Mis padres eran Héctor Suárez y Leticia Perdigón, sí, la pareja protagónica del film mexicano “Lagunilla, mi barrio”. Mi hermana y yo estábamos sentados a la mesa con ellos en un típico ritual dominical: comer en la casa de la abuela, que si digo la verdad, parecía una bruja, pero una bruja verdadera y no mamadas. Además, la demencia senil completaba su espectralidad.
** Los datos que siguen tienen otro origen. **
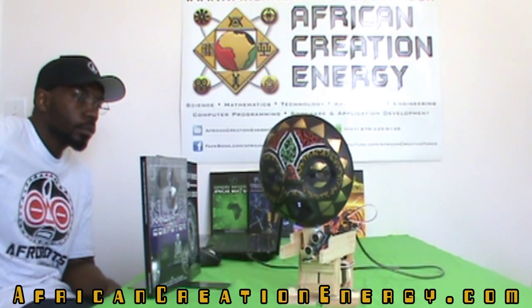There are a lot of people who have concerns about drones and things like that. If that's really something you're concerned about, African Creation Energy has provided you with a book and a project where you can basically create your own drone.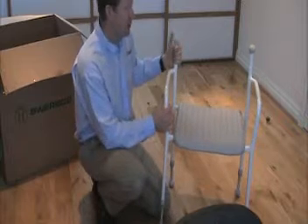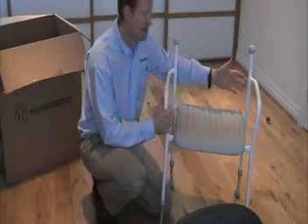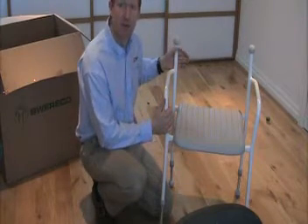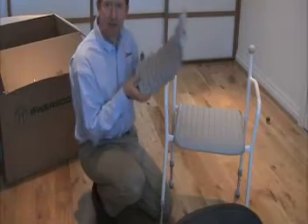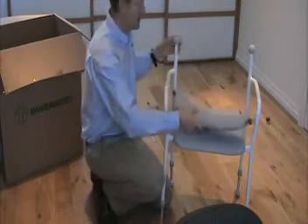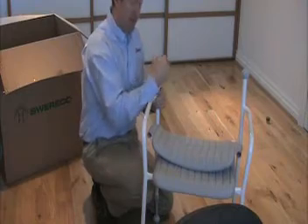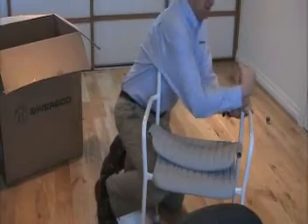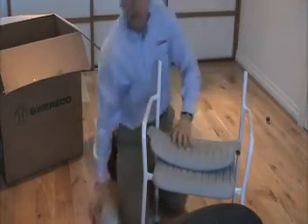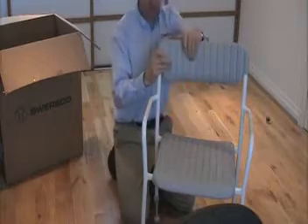On this one, we have the backrest. The backrest is an option. You can have the material backrest or the plastic backrest such as this. To put the backrest on, just take off the rubber stops at the top and then place the backrest on like that.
Yo ya me había terminado el primer plato de mole cuando Chona, mi hermana menor, quien tenía un retraso mental severo, se sentó en las piernas de la abuela. No es por ser cruel, aunque creo que lo soy, pero siempre pensé que hacían una pareja excepcional: ambas babeaban, no conseguían articular palabra y ostentaban la motricidad más torpe, así que cuando estaban juntas parecían entenderse a la perfección. Por eso nadie se sorprendió cuando comenzaron a gritar y a gemir. La abuela miraba fijamente a Ladrón, nuestro perro, y mi hermanita se desgarraba la garganta emitiendo cacofonías.
Después de la comida nos despedimos de la abuela, que le daba vuelo a su coprofilia encerrada en el cuarto de baño. Papá cargó a Chona y no fue sino hasta que llegamos a la estación del metro cuando nos percatamos de que le sangraba la entrepierna. Mi mamá se asustó y le bajó los calzones para revisarla. Yo también me asusté, pues al voltearla dos pellejos cayeron al suelo. Mi padre estaba colérico empujando y mentándole la madre a todos los curiosos que contemplaban, entre horrorizados y divertidos, el culo de Chona.
De inmediato regresamos a la vecindad. Encontramos a la abuela peinándose en la fuente. Papá la sujetó de los cabellos y mi madre le revisó las manos:
– Tiene las pinches uñas llenas de sangre.
Entramos a la casa. Yo me quedé con Chona, que parecía haber recuperado la calma mientras oliscaba desangelada los diminutos jirones ensangrentados de su piel bajo la silla de la abuela. Pronto salieron mis padres de la cocina con las ropas llenas de sangre. Lucían agitados, mi madre traía unas tijeras para cortar pollo que guardó en una bolsa de plástico. Papá sacó un gordo fajo de billetes de detrás de un retrato del abuelo y tomó a Chona en sus brazos. Iba a preguntar por la abuela, pero supuse que estaría en la cocina jugando con su excremento.